Joy is a Senior Staff Software Engineer at Split.io, focusing primarily on backend.  Prior to Split, she worked at Box, where she tried her hand at management for a short while before transitioning back to an individual contributor role.  She also has experience at a tiny startup and at Microsoft.  In addition to designing software and writing a lot of code, she also maintains a blog: https://medium.com/@jkebertz. ; In her free time, she does a lot of traveling, reading and running ridiculously long distances (mostly on trails).
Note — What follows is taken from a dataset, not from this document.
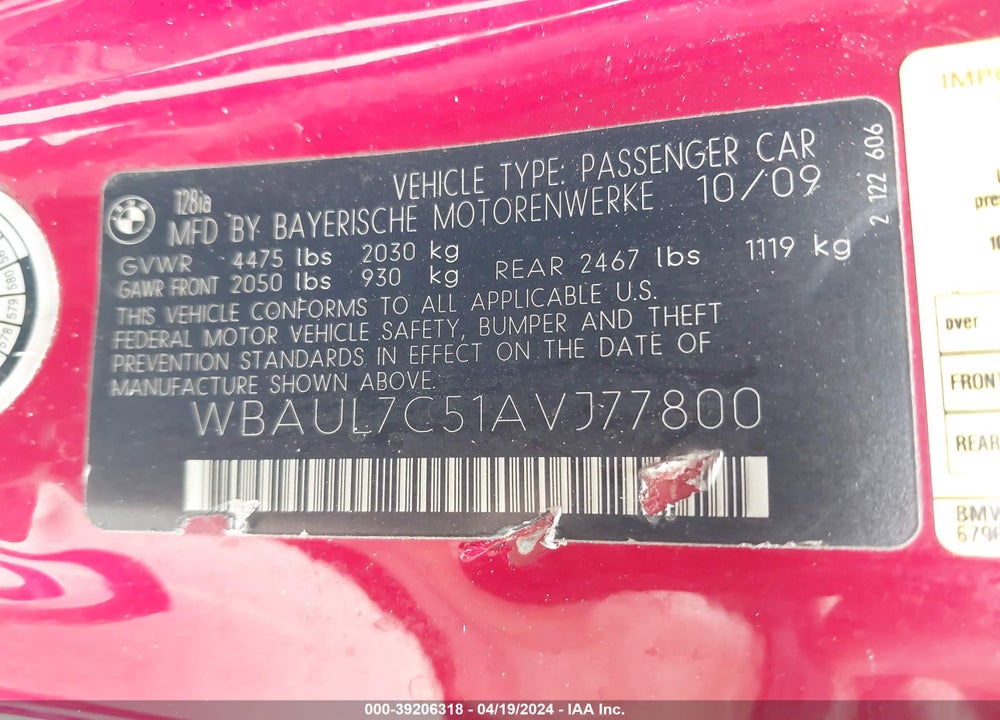 2010 BMW 128I VIN: WBAUL7C51AVJ77800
Both Box and Split, like many other companies are working to split their monolith into microservices.  We didn't want to just end up with a distributed monolith (i.e. lots of services that still had a very high level of interdependency), so this required some specific thinking.  Additionally, we wanted to think about how to make sure we didn't have the overhead of hundreds of services while also not ending up with several mini-monoliths. In order to think about how to design our new services, we approached the problem using domain driven design and layered architecture.
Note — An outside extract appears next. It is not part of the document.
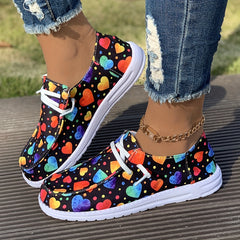 Women's Love Pattern Skateboard Shoes Colorful Lace-up Canvas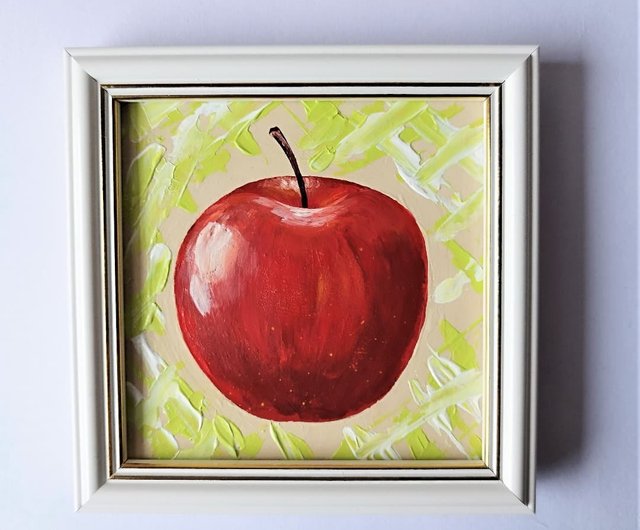 でおすすめアイテム。 りんごのアクリル画 原画 絵画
DDD is an approach to developing software for complex needs by deeply connecting the implementation to an evolving model of the core business concepts.  It's an approach that was first coined in 2004 but is still very applicable today.  It emphasizes problem solving, cross functional collaboration and simplicity.
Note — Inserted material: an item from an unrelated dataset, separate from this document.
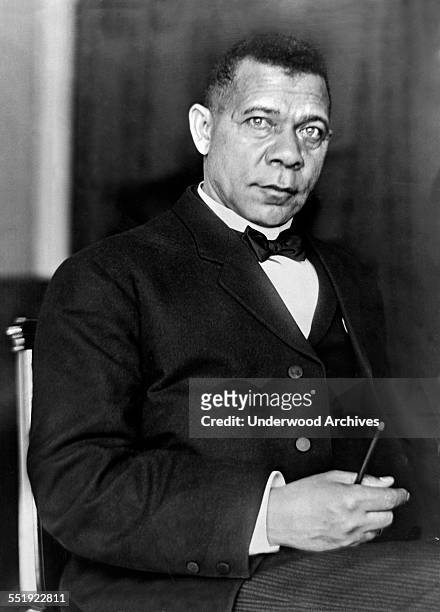 Portrait of African-American educator, author and orator Booker T Washington, Washington DC, June 17, 1908.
Meanwhile, layered architecture, while a fairly common approach, does not have the same common language or formalized concepts that domain driven design has.  We used layered architecture as a way to think about how we separate our front end services,  our core logic, and our infrastructure services.  

Together, these two approaches helped us think through how and where to divide our services.  In this talk, I will go into much more depth about what each of these two approaches are, as well as how we applied each to our problem space at Split.